It was a profound statement about the importance of public art when white supremacists marched on Charlottesville, North Carolina last year in the now-infamous Unite the Right rally.
White nationalist groups overran the city of Charlottesville in response to the removal of a statue valorizing the confederate general Robert. E. Lee. Although they were guided by hate and ignorance, there was one thing they understood very clearly: public art matters. In the decades following the Civil War, many states erected statues to celebrate the Confederacy as a way to romanticize a shameful past. This is the power of public art. It shapes the way we look at history, the present, and the future.
The influence of public art came into sharp focus again when San Jose’s oldest mural depicting Chicano history, Mural de La Raza, was painted over in the middle of the night by the new owners of what used to be the Payless Shoes building on Story Road. The Mural de La Raza was an important nod to a real history that is often untold in our community.
Unfortunately, the loss of Mural de La Raza is not an isolated incident. Other murals that depict the history, culture, and identity of East San Jose’s residents have been painted over, including the Mexicatlan mural formerly on Sunset Avenue. The timing of this cultural erasure is not lost on the people of the Eastside. Other assaults on the neighborhood’s gathering spaces and businesses continue as the churn of gentrification and displacement reaches our region. The loss of our community’s public art — our murals — is a direct message that those who live here do not matter.
Despite these challenges, East San Jose — and in particular the Mayfair neighborhood — has a strong legacy of community organizing. Built in 1999, the Mexican Heritage Plaza – the home of the School of Arts and Culture – stands on sacred ground. It is the site of one of the first grocery store boycotts for farmworkers’ rights organized by César Chavez in the 1960s. In keeping with that legacy and spirit, a group of young activists, Jovenes Activios of SOMOS Mayfair, are fighting for their cultural identity to remain reflected in the neighborhood where they live.

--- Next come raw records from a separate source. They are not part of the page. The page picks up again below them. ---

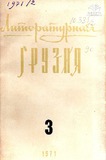 Literaturnaia_Gruzia_1971_N3.pdf.jpg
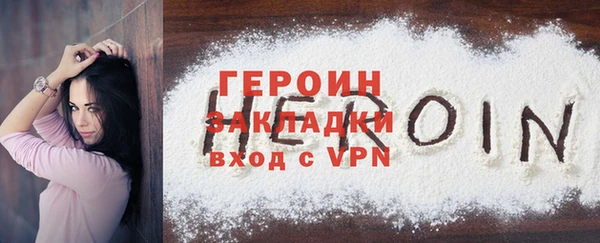 прущий лед Баксан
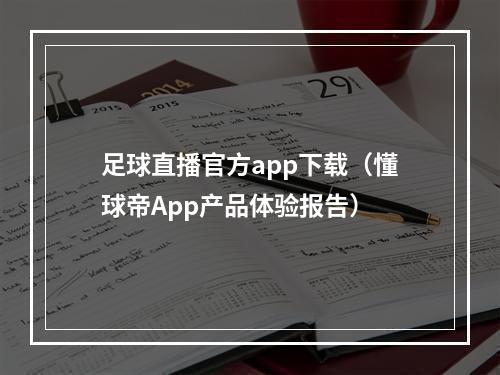 足球直播官方app下载（懂球帝App产品体验报告）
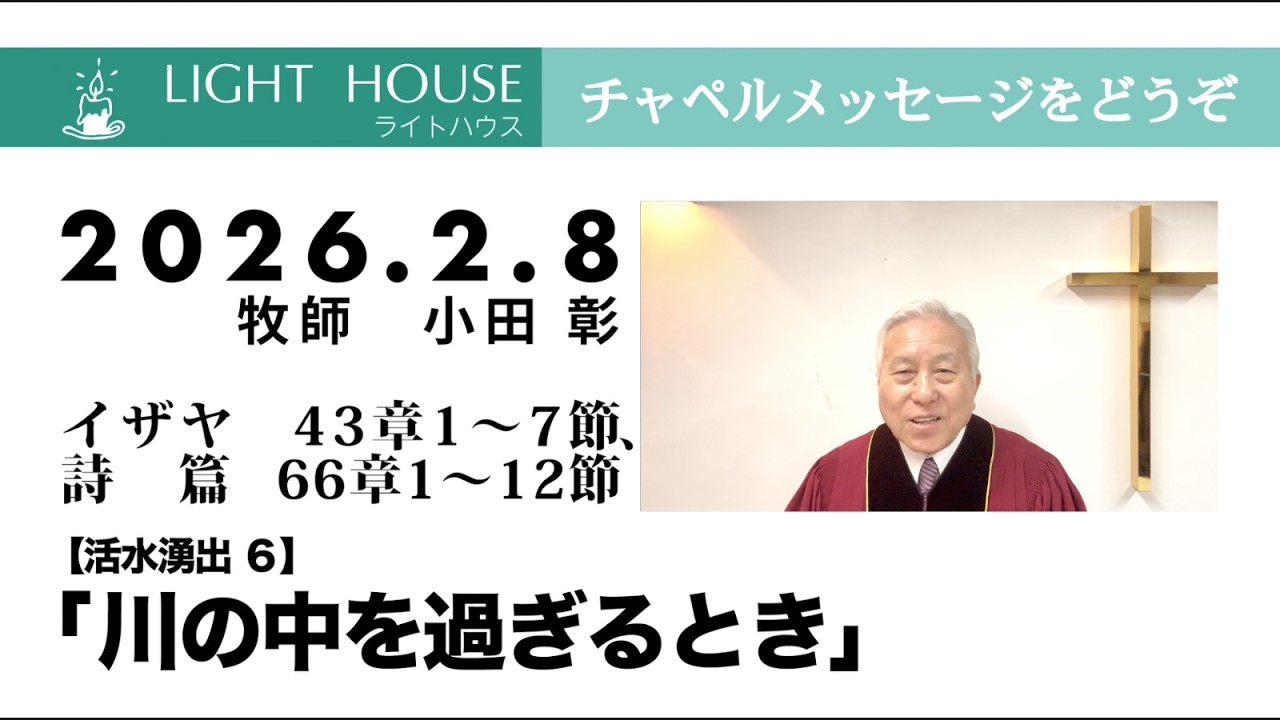 2026 2 8【活水湧出】6　「川の中を過ぎるとき」（イザヤ 43章1〜7節、詩篇 66章1〜12節）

To help support their efforts to combat cultural displacement, the School of Arts and Culture secured over $200,000 in funding from the California Arts Council and the National Endowment for the Arts to work with Jovenes Activos and Local Color to realize a youth-driven public art vision for our community. The grant funds will be used to empower Jovenes Activos to create two new murals over the next 24 months as well as an installation exhibit inside San Jose City Hall.

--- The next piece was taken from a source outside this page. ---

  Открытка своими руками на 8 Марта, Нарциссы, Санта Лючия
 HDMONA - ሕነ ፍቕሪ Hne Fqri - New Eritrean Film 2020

Mentors from Local Color, a woman-led and operated nonprofit whose goal is to preserve, retain, and maintain San Jose’s creativity and culture, will coach the Jovenes Activos youth through the mural-making process from conception to execution. The goal is to build public art know-how in the community itself. This initiative is in line with the School of Arts and Culture’s mission to catalyze creativity and empower our community.
Demone Carter is the Senior Program Manager with the School of Arts and Culture, a creative and cultural hub in East San Jose. He is also an arts advocate, rapper and host of the DAD BOD RAP POD.